Well, I just ordered about 3-4 months worth of gel caps (pretty inexpensive on Amazon) and I'm going to give it a go. Will report back with... whatever happens.


----------



## Kathleen M. (Nov 16, 1999)

I've never noticed any difference with energy levels, but I do take it as one study showed it might be helpful for migraines.


----------



## mania (Jul 29, 2010)

3-4 months worth, wow from the prices I've seen that really must have been a lot. Good luck, keep us posted.


----------



## faze action (Aug 6, 2009)

mania said:


> 3-4 months worth, wow from the prices I've seen that really must have been a lot. Good luck, keep us posted.


Nope. Source Naturals 30mg/120 capsules... only $13.99. I figure at that price I may as well give it a shot...


----------



## faze action (Aug 6, 2009)

Kathleen M. said:


> I've never noticed any difference with energy levels, but I do take it as one study showed it might be helpful for migraines.
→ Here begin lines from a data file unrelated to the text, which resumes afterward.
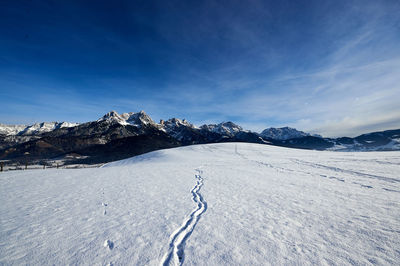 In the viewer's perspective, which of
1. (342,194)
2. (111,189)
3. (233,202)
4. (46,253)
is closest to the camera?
(46,253)

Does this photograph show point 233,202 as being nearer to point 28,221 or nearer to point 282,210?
point 282,210

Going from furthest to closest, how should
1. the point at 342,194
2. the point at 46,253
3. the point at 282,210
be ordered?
the point at 342,194
the point at 282,210
the point at 46,253

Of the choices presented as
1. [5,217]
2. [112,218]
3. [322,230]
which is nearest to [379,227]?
[322,230]

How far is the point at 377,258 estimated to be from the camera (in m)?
3.49

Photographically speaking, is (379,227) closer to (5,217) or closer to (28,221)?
(28,221)

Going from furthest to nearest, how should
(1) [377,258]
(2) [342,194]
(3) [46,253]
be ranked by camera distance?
(2) [342,194] → (3) [46,253] → (1) [377,258]

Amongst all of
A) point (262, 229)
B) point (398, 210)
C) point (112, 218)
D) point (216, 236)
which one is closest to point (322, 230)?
point (262, 229)

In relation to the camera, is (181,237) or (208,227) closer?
(181,237)

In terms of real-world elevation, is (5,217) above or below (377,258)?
below

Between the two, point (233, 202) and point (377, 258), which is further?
point (233, 202)

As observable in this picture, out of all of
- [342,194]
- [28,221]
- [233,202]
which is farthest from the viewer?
[342,194]

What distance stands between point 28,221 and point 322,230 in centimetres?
1008

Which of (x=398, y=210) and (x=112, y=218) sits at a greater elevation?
(x=398, y=210)

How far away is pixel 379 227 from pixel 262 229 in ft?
11.5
The difference in energy levels may be dose dependent (I think 30-90mg is the norm, but some people take up to 200mg). I don't think everyone notices a difference in energy, but I did read in numerous reviews and articles that was a common report from people taking it.I also read about it helping migraines, which piqued my interest more because I suffered from chronic migraine with aura for the first 25 years of my life... (they seemed to have tapered off in the last 10-15 years though).


----------



## Kathleen M. (Nov 16, 1999)

I take 50-100 mgs for the migraines. I do have a recently diagnosed minor metabolic issue and there are some other things that help with that, but CoQ never seems to make much difference (either before we figured it out or since)


----------



## annie7 (Aug 16, 2002)

faze--thanks for the tip on source naturals. i've been thinking of taking Q-10. i just found out i have mitochondrial disease--low energy metabolism--i took part in a research study concerning ibs and mitochondrial disease which is how i found out. in reading about mitochondrial disease, i read that coenzyme Q10 can help with energy levels --also l-carnitine. i did read that, at least as far as mitochondrial disease is concerned, these supplements can increase energy levels which in turn can speed up the gi tract, which would be nice--i have ibs-c--so i'm thinking it's worth a try.. and i get mirgraines as well...


----------



## faze action (Aug 6, 2009)

annie7 said:


> faze--thanks for the tip on source naturals. i've been thinking of taking Q-10. i just found out i have mitochondrial disease--low energy metabolism--i took part in a research study concerning ibs and mitochondrial disease which is how i found out. in reading about mitochondrial disease, i read that coenzyme Q10 can help with energy levels --also l-carnitine. i did read that, at least as far as mitochondrial disease is concerned, these supplements can increase energy levels which in turn can speed up the gi tract, which would be nice--i have ibs-c--so i'm thinking it's worth a try.. and i get mirgraines as well...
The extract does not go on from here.